In the dusty and noisy slums of Hyderabad in south India, an innovative mobile school on wheels weaves through the city stopping at various locations. From rickety tarpaulin huts barefooted children emerge, aged 10 years and under. Their eyes bright with excitement the children clamber aboard the bright orange bus to receive the days schooling.
The mobile classroom is the brainchild of school teacher T.L. Reddy- founder of the non-governmental organisation CLAP Foundation. It offers the children of India’s slums free schooling for the few hours they can spare before they go back to working as child-labourers. Reddy, who has been a teacher for 25 years said the project was originally set up in temporary tent shelters in the children’s slum to give the children a basic level of education.
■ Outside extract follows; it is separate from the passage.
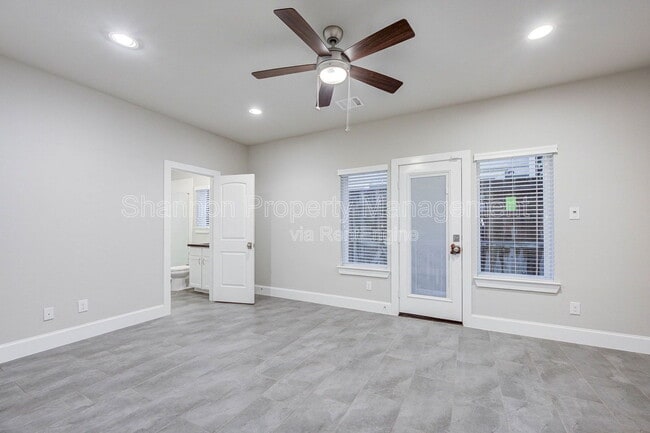 Building Photo - 253 W 27th St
Three years ago, after receiving donations the school went mobile to attract more youngsters. “These children have no time to go to school, unless the school comes to them,” said the teacher.
Inside the bus the walls are decorated with pictures of animals and fruits. Numbers and letters from the alphabet stretch along one whole side of the bus and benches line both sides end to end. Children write on slates perched on their laps with chalk as a teacher walks in the middle giving the day’s lesson. On some days pupils have to sit cross-legged on the floor because the bus is so full.
The plan, Reddy says is to get as many children taught to a level where they can join Government schools. Up until now, around 40 children have gone on to these despite the significant odds stacked against them.
However, the mobile school’s achievements may be something more humble. In the few hours they are with us, the children are given a chance to be kids, said T.L. Reddy.